A sixth lawsuit has been filed involving the sudden deaths of patients at a West Virginia veterans hospital
By
JOHN RABY Associated Press
August 20, 2020, 4:48 PM
3 min read
CHARLESTON, W.Va. -- A sixth lawsuit has been filed involving the sudden deaths of patients at a West Virginia veterans hospital where a former nursing assistant admitted to intentionally killing seven people with fatal doses of insulin.
A federal lawsuit was filed Wednesday in the July 2018 death of Russell R. Posey Sr. at the Louis A. Johnson VA Medical Center in Clarksburg.
Charleston attorney Tony O'Dell filed the lawsuit on behalf of Posey's son and daughter, who are co-executors of his estate. The elder Posey, 92, served as a chief petty officer in the U.S. Navy during World War II.
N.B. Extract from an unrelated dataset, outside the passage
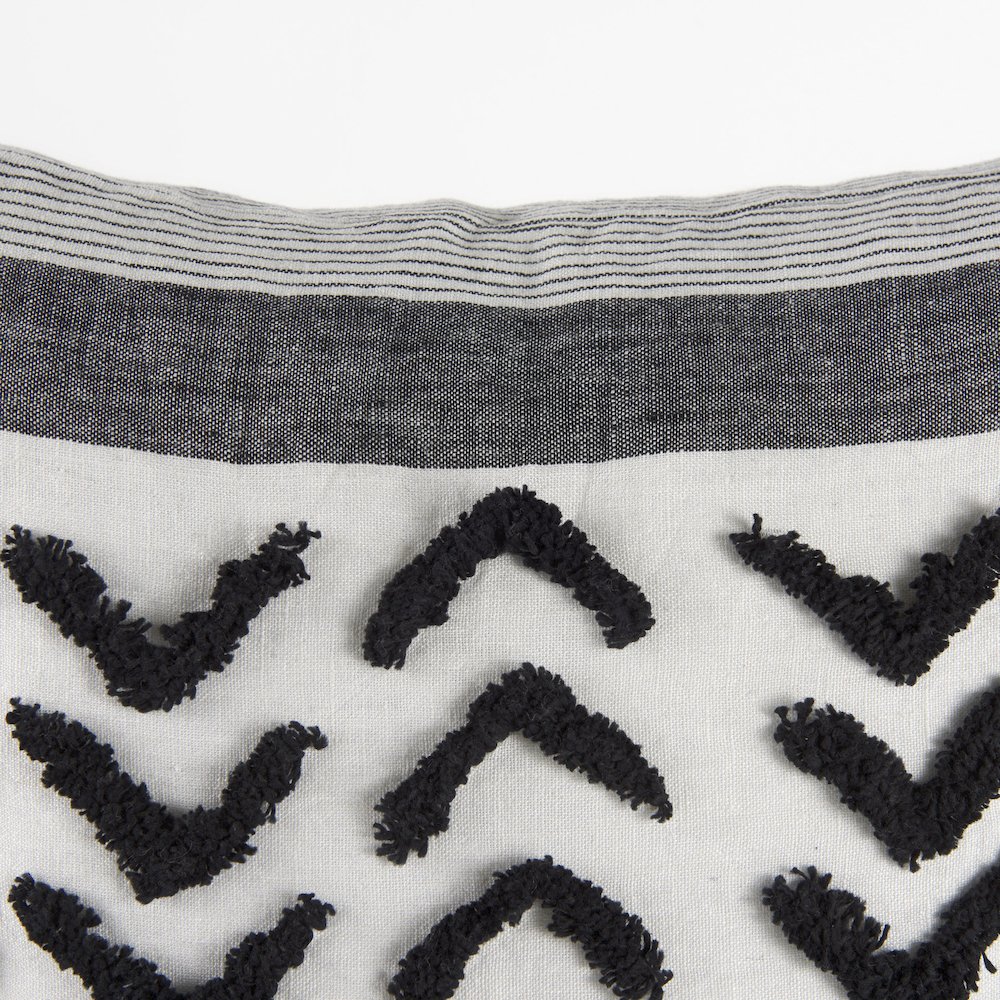 White and Black Fabric Herringbone and Fringed Decorative Pillow Cover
The lawsuit, which seeks unspecified damages, is the latest to allege a widespread system of failures at the hospital. Similar lawsuits have been filed in the deaths of five other veterans at the hospital in January, March, April and June of 2018.
The lawsuit said the onset of Posey's severe, unexplained hypoglycemia was “similar to the pattern of events” that occurred with other patients.
Fired hospital nursing assistant Reta Mays pleaded guilty last month to intentionally killing seven patients with wrongful insulin injections. Mays, 46, faces up to life in prison for each of seven counts of second-degree murder. No sentencing date has been set.
Mays admitted at a plea hearing to purposely killing the veterans, injecting them with unprescribed insulin while she worked overnight shifts at the hospital in northern West Virginia between 2017 and 2018. Her motive is still unclear. U.S. Attorney Bill Powell said authorities did not receive a “satisfactory response” to questions about the reasoning behind her actions.
It is not clear whether Mays admitted a connection to Posey's death. But in addition to her second-degree murder pleas, she also pleaded guilty to one count of assault with intent to commit murder involving the death of “veteran R.R.P." — Posey's initials.
Assistant U.S. Attorney Fred B. Westfall Jr. has said in court filings in response to some of the lawsuits that Mays acted outside the scope of her employment, the federal government should not liable for her criminal conduct and that the suits should be dismissed.
The VA is the government’s second-largest department, responsible for 9 million military veterans. The agency’s former director was fired in 2018 in the wake of a bruising ethics scandal and a mounting rebellion within the agency. Robert Wilkie took over as Veterans Affairs secretary in July 2018.